Mis compañeras y yo estuvimos en lo que fue el final de una era. Estábamos rodeadas de mujeres instruidas que no eran ni esposas ni madres, que no usaban maquillaje y que vivían en comunidad incluso compartiendo un auto. Para nosotras eran un modelo de igualdad. Nos enseñaban lo que en ese momento no pensábamos que fuera una manera tan completamente diferente de vivir.

Mi experiencia con la educación católica fue breve y, en mi vida adulta, nunca me he considerado cristiana. Pero las monjas nos enseñaron generosidad e introspección de una manera tan directa como cuando enseñaban las fracciones y a escribir en cursiva. En otras palabras, mi formación nunca se trató solo de mí, sino del mundo que yo habría de heredar.

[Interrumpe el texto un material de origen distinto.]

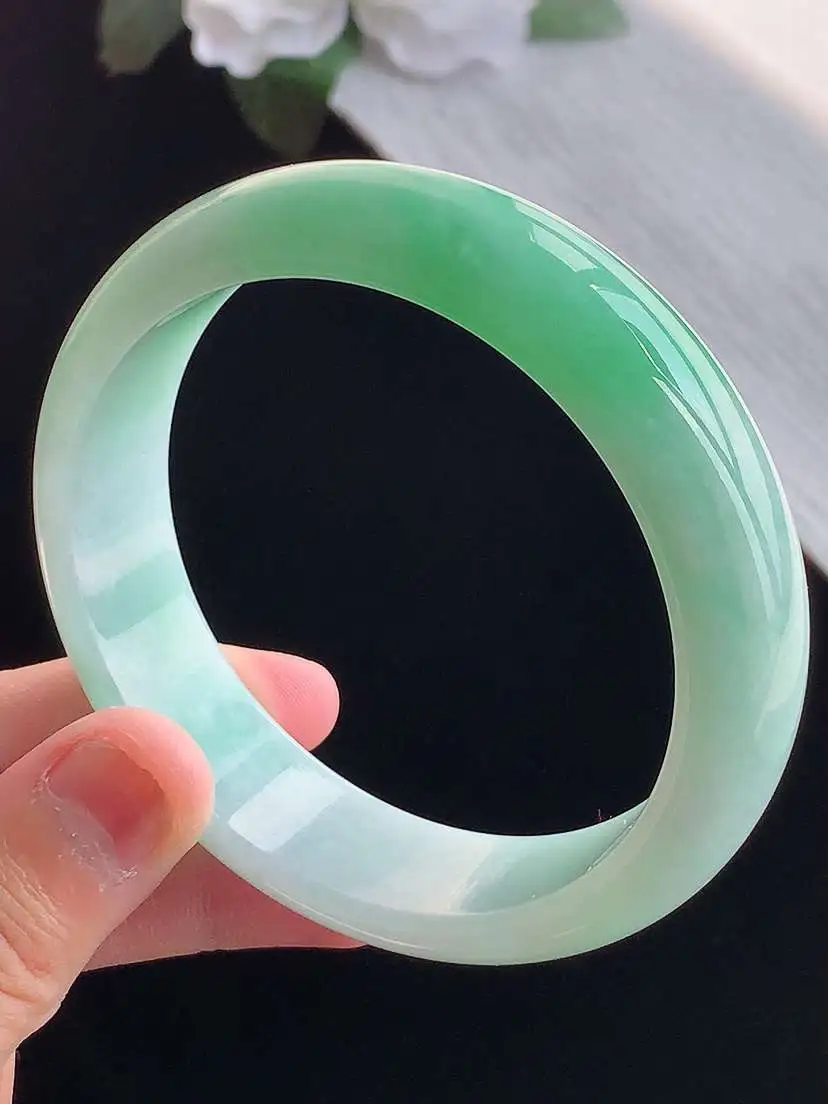 a货翡翠老坑冰种飘绿宽边正装正圈手镯59-60大圈口 尺寸59×16×7.3mm 重量69.80g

En un momento en el que la violencia en contra de los niños, las mujeres, los desposeídos y el planeta es tan extendida, veo dejos de esperanza en la convicción de las monjas de que la compasión puede ser enseñada y el perdón fomentado. Si logramos aprender a enfrentar la existencia del sufrimiento no como una señal de desesperanza, sino como una oportunidad para el amor, todos estaremos más dispuestos a asumir la responsabilidad de ese sufrimiento. Si comprendemos la necesidad de la verdad, entonces podremos buscar la justicia.